The Arctic is also warming much faster than the rest of the world, according to DePaul environmental science professor Mark Potosnak.

Even if the U.S. starts the transition to sustainable fuel alternatives, it would still need to rely on oil during the transition phase.

“We’re using a lot of fossil fuels, and there’s a worry that we’re going to start to run out here in the U.S.,” Potosnak said. “So should we drill up there so that we have enough supply in the short term with the understanding we want to move away from them long term?”

It is much more environmentally friendly for the U.S. to drill oil on its own land rather than importing it, according to Tony Kovscek, energy science professor at Stanford University.

“The U.S. needs oil, and it’s arguable that producing those resources at home is better than importing those resources,” Kovscek said. “For instance, the environmental regulations in the U.S., compared to many other producing countries, are pretty strict, so we have some assurance that people follow the laws, and to some extent environmental issues have been mitigated.”

When he first came into office, President Biden vowed to end all new oil drilling projects on public land, according to The Washington Post.

“So the issue is, there are Native American tribes or Indigenous tribes, Indigenous Alaskan tribes up there, like the Inuit, and the Inupiaq,” Montgomery said. “Some are for this, because it’ll bring in more money.

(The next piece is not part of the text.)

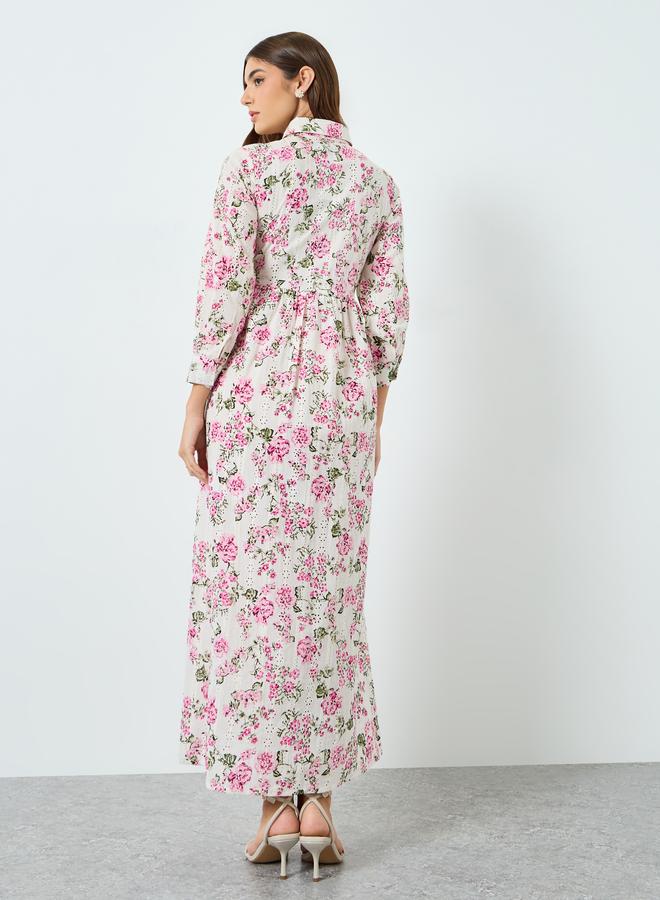 ستايلي فستان ماكسي بأزرار وطبعة زهور - Image 4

But the people in the town … they’re very much against it, because they’re nervous about spills and pollution and things that come along with drilling for oil, and so they feel like, I think, Biden has gone back on his word.”

Potosnak believes that the Willow Project is a strategic move by Biden to help his approval for the upcoming election.

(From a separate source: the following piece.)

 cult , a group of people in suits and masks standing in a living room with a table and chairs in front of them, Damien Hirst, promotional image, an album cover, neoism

“Because if [Biden] doesn’t, and then oil prices are really high, and whenever the election is, a year and a half from now, his opponents will say, ‘hey, you stopped drilling, everybody’s paying five bucks a gallon for oil,’” Potosnak said.

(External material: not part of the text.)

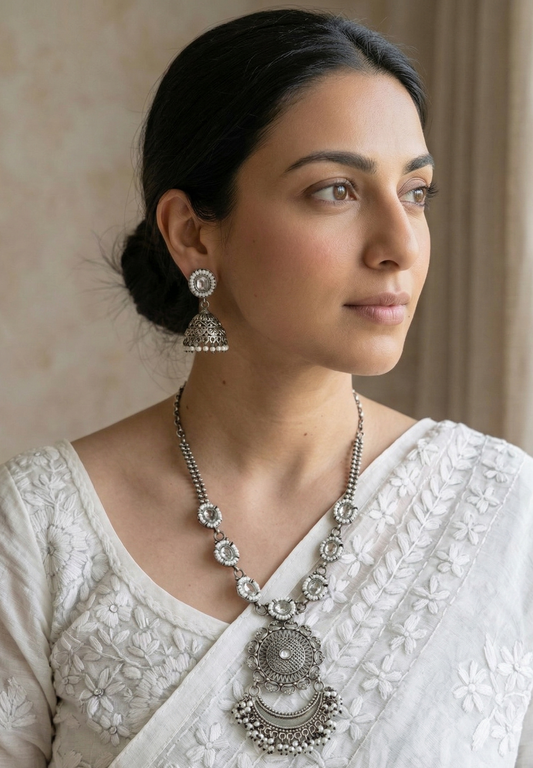 GAVI® Silver and White Oxidized Necklace Set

In reality, the oil drilling project likely will not have any impacts on oil and gas prices for some years.

“You’re talking probably five to eight years, I read, before any oil that is produced from this would actually come online and hit the market,” Montgomery said. “So it’s not like we’re going to have these millions of barrels of oil flowing next week, so the impact on oil and gas prices is a ways off if there’s going to be any impact at all.”

There is also a small potential for oil spills to occur. Most of the oil will be transported over the land, but the major concern is if a spill occurs once the oil is placed on ships.

“There’s a potential for spill,” Potosnak said. “If the pipeline spills, it’s bad, but it’s on land. But when oil spills happen on water, they’re so awful, but this oil … will get put on a boat and shipped from there.”

Other than oil spills, transportation, such as roads and trucks, could damage the environment.

“[An] important question for this de - velopment that I don’t know the answer to is where’s the material going to come from, to basically build the pads and build the roads and all that,” Kovscek said. “They’re gonna have to source that, and that potentially can have some impacts? Where do you get the materials from?”

Potosnak, who has worked near an oil rig at the North Slope in the past, observed environmental damage caused by trucks.

“One of the biggest impacts that they experienced is from the road, and you have truck traffic going up and down the road, and that creates a lot of dust, and that dust carries into the ecosystem and ends up changing the ecosystem because it’s different nutrients,” Potosnak said.

Climate change is already having an impact on the Indigenous people of Alaska and Canada, and the Willow Project could further exacerbate the problem.

“This is ancestral land for Indigenous North Americans, you know, both in the United States and Canada, and this is a loss,” Montgomery said. “I mean, climate change in and of itself is affecting these people everything from their fisheries, and it’s really affecting their culture, and not surprisingly, a lot of the young people are leaving their villages, and they’re going to larger cities because they see nothing in the village for them to do.”

Despite all the opposition, it is highly likely that the Biden administration will approve the Willow Project.

“I call it cultural genocide,” Montgomery said.